Additionally, working with core dumps requires access to the appropriate debug symbols for a traditional symbolic debugger to reconstruct the application state in a human-readable form. Setting up and managing this infrastructure for downloading symbols can be time-consuming for developers. Without this infrastructure, developers would need direct access to the machine with the core dump, which is both inefficient and poses a security risk.

Backtrace addresses these challenges with a self-contained structured snapshot format that doesn't rely on debug symbols after the snapshot is generated. The size of the snapshot format is significantly smaller than a typical core dump. Moreover, it is possible to generate a snapshot of live processes before resorting to core dump generation. The Backtrace debugger performs automated analysis of the application's state and selectively includes the relevant variables related to the fault.

Performance

Two components affect the performance of application recovery in a post-mortem state: memory dump generation and symbolic analysis for extracting a call stack and application state.

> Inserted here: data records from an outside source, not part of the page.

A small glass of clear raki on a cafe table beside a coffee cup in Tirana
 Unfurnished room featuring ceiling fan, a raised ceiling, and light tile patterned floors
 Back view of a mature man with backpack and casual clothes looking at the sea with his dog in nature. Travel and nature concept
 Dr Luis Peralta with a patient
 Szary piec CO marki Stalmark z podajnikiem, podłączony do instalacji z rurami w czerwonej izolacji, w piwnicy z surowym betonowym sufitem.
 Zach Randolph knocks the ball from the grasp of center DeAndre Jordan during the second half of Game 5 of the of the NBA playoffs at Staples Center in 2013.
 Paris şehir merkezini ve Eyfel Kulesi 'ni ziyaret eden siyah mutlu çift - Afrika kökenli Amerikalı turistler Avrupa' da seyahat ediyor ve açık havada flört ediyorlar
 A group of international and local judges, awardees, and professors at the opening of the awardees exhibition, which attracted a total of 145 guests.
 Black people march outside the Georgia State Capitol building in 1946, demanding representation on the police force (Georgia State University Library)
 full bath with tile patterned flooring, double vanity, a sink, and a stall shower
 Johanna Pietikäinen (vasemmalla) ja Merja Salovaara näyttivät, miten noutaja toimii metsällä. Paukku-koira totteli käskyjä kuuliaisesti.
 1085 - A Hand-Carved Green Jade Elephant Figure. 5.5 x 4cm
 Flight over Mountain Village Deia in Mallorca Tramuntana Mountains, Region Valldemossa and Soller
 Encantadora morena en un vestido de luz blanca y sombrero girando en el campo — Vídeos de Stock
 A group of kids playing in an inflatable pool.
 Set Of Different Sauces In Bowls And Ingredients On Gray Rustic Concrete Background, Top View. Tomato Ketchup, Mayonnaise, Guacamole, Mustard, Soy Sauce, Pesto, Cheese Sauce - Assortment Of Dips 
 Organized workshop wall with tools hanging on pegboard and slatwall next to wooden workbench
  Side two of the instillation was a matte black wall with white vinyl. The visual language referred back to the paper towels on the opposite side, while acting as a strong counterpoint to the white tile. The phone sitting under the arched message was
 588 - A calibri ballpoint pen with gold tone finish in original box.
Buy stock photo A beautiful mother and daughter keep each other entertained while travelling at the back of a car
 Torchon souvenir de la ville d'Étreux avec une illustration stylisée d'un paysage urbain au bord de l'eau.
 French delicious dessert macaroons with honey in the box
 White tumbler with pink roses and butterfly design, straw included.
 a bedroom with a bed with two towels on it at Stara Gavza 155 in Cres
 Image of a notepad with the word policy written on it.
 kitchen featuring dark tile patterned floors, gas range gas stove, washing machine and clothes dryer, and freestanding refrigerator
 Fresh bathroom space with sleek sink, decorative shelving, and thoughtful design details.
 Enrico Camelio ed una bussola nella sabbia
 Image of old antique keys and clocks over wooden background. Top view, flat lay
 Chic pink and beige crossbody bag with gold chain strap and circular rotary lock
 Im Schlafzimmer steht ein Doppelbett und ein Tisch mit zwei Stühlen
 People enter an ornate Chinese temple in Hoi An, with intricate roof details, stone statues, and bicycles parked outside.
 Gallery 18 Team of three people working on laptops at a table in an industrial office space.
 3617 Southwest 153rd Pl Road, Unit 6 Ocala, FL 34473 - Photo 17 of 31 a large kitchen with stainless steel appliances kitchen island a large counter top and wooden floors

Let's compare the performance of the Backtrace debugger to that of GDB and LLDB on a complex C++ project, such as Google Chrome. For this experiment, we use Chromium 35.0.1916.144 with 466 mapped segments and 1 thread. The single executable contains approximately 2.6GB of debug data. We are requesting a backtrace of a running process.

Here are the performance results:

  • GDB: Takes 2.6GB of resident memory and 54 seconds.
  • LLDB: Takes 3.0GB of resident memory and 130 seconds.
  • Backtrace: Takes 0.46GB of resident memory and 00.61 seconds.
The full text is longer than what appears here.